Why this change was made ?

Fixing error mentioned above in comments:

>>> c = np.array([1,2,3]) >>> c array([1, 2, 3]) >>> c /= 2. Traceback (most recent call last): File "<stdin>", line 1, in <module> TypeError: ufunc 'divide' output (typecode 'd') could not be coerced to provided output parameter (typecode 'l') according to the casting rule ''same_kind'' >>> c array([1, 2, 3]) >>> c = c / 2. >>> c array([ 0.5, 1. , 1.5])

When we have only integers - should I roll back this one?

You can keep this change, but add info in docstring what happens if you have array of integers, explaining what if you:

normalize with integer factor

normalize with floating-point factor

But before proceeding further: consider these two snippets: self.y /= ave and self.y = self.y / ave - which one requires additional memory allocation ?

What if self.y is large array or floats (say 1e6) and we normalize by factor 0.5. Which one of abovementioned snippets will run faster ?

Reading https://docs.scipy.org/doc/numpy/reference/internals.html might help.

Ok, I have to ideas for rescale and normalize divisions:

def rescale(self, factor=1.0, allow_cast=True): if allow_cast: # will work in 99.9% cases try: self.y /= factor # there is this case, where "TypeError: ufunc 'true_divide' output (typecode 'd') could not be coerced # to provided output parameter (typecode 'l') according to the casting rule ''same_kind''" i thrown except TypeError as e: logger.info("Division in place is impossible, casting...\n%s" % e) self.y = self.y / factor elif not np.issubdtype(self.y.dtype.type, type(factor)): raise TypeError("Type mismatch - array dtype: %s, factor type: %s\nallow_cast flag set to True should help" % (self.y.dtype.type, type(factor))) else: try: self.y /= factor except TypeError as e: raise TypeError("%s\nallow_cast flag set to True should help" % e)

and simpler(?) one:

def rescale(self, factor=1.0, allow_cast=True): try: self.y /= factor except TypeError as e: logger.info("Division in place is impossible.\n%s" % e) if allow_cast: self.y = self.y / factor else: raise TypeError("%s\nallow_cast flag set to True should help" % e)

Second one better, but please add also proper docstring with doctests (see i.e. change_domain and rebinned methods).

Read also this: http://www.ianbicking.org/blog/2007/09/re-raising-exceptions.html
https://blog.ionelmc.ro/2014/08/03/the-most-underrated-feature-in-python-3/

Sure, the second came to my mind when I was writing this reply, so...

What about the div zero case?
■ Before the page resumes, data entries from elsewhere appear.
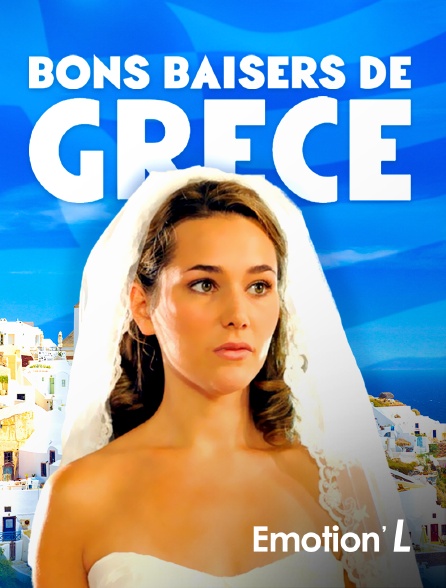 Emotion'L - Bons baisers de Grèce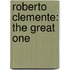 Roberto Clemente: The Great One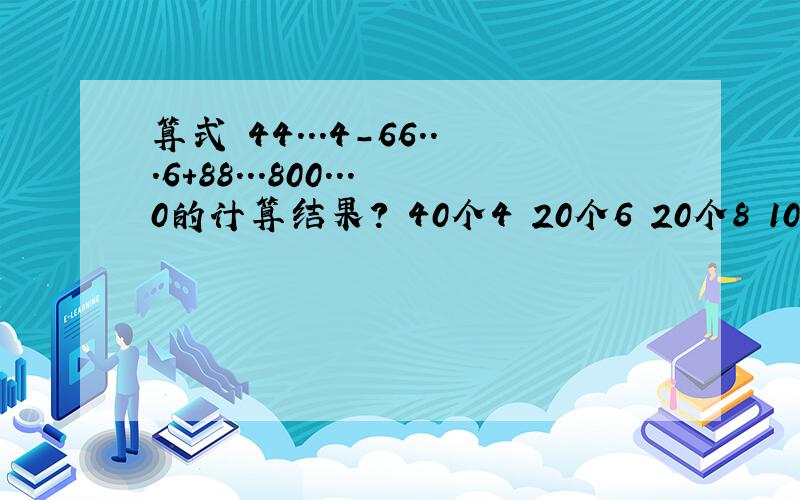 算式 44...4-66...6+88...800...0的计算结果? 40个4 20个6 20个8 10个0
Should we somehow catch it, or just let it error or whatever?

Print nice error message and let numpy exception be thrown

Well, the above is not yet ready...

>a Curve([[ 0, 0], [ 5, 5], [10, 10]]) >a.rescale(3.7) >a Curve([[ 0, 0], [ 5, 1], [10, 2]]) >a.rescale(22) >a Curve([[ 0, 0], [ 5, 0], [10, 0]])
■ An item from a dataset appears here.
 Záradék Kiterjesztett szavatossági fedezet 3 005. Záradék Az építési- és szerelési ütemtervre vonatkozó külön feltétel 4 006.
grzanka · 2016-12-06T14:09:25Z

beprof/profile.py

+        # todo: investigate why super().__str__() errors in python 2.7
+        #       after change of implementation of __new__
+        ret = curve.Curve.__str__(self)
+        # ret = super(curve.Curve).__str__()


Why did you added second commented line ?
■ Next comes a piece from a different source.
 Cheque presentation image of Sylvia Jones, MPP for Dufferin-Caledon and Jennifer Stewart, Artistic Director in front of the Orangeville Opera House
It was the previous version left to discussion, but since we're using git - it's pointless, yes.

Remove it, also "investigate TODO" can directly go as new issue, instead of dirty comment.

It already has issue: #99

grzanka · 2016-12-06T14:10:19Z

tests/test_profile.py

+
+        # case - less or equal to 0
+        p1 = Profile([[1, 1], [2, 20], [3, 40]])
+        p1.normalize(-1)


Does it make sense to normalize this way ?

No, but we probably should inform user about it. Maybe raise ValueError()?

Good idea. Such exception is OK, but add also some message in it, guiding user what type of input is expected.

Probably "Expected positive input" would be enough?

…d minimal version of numpy to 1.8

grzanka · 2016-12-09T07:54:55Z

beprof/curve.py

+            if allow_cast:
+                self.y = self.y / factor
+            else:
+                logger.error("allow_cast flag set to True should help")


Does code execution continue or stops with some exception being rethrown ?

It stops, we could go for re-raise at the end - after calculating with self.y = self.y / factor or ignore TypeErrors thrown by self.y /= factor or... just log it?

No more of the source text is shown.